In any event, in the US and in Northern Europe, you absorb the cultural morays if you want to get ahead.
This may well be true in many cases but there are exceptions. Canada (if one ignores the current, embarrassing secular charter bill in Quebec) has a different philosophy, an official policy of multiculturalism. Britain is also a bit different.
And in terms of northern Europe here in the Netherlands for example, as well as in parts of Germany and Switzerland there are significant pockets of Catholicism. Exclusively Protestant countries are rather rare, actually- perhaps Scandinavia etc.
Home to about eight per cent of the world's 1.2 billion Catholics - more of the faithful than any country outside Brazil - Mexico has seen a slow but steady decline in people who self-identify with the faith. Currently about 82.7 per cent of Mexicans consider themselves Catholic, down from 88 per cent in 2000 and 96 per cent in 1970. Evangelical protestant denominations are believed responsible for much of the drop.

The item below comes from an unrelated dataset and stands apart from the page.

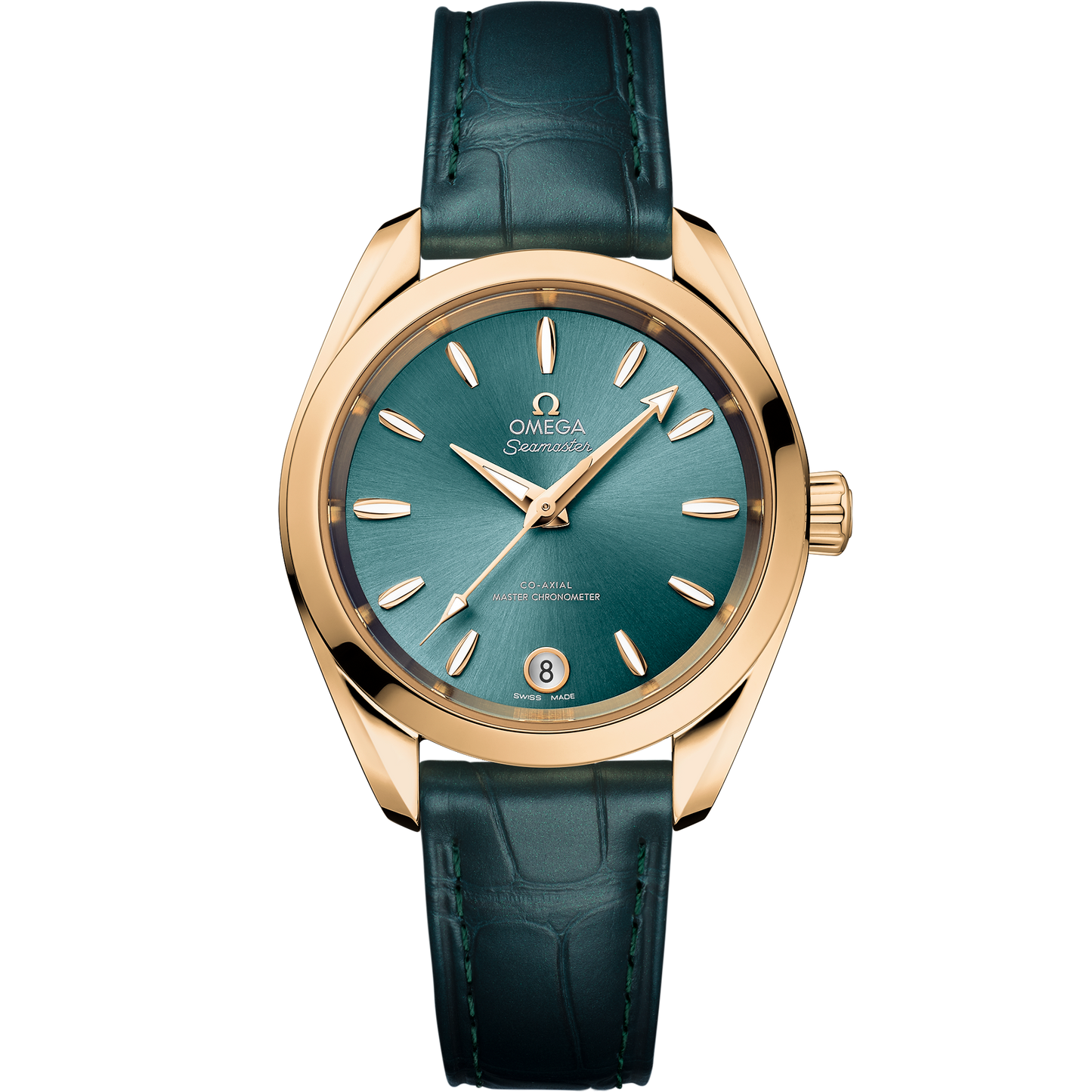 Seamaster Aqua Terra Shades 34 mm, Moonshine™ gold on leather strap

This is of course true but Catholicism is still a huge force, on the cultural level too. Latinos in diaspora tend to have a stronger link with their Catholic faith than those at home, as is the case with many cultural and ethic minorities. It will be a long time before Protestantism takes over in SA, but it is possible.
As it mentions, though, it is the Evangelical branches of Protestantism that are growing, so as I stated above people conditioned by those schools of religion are very unlikely to be interested in Buddhism anyways.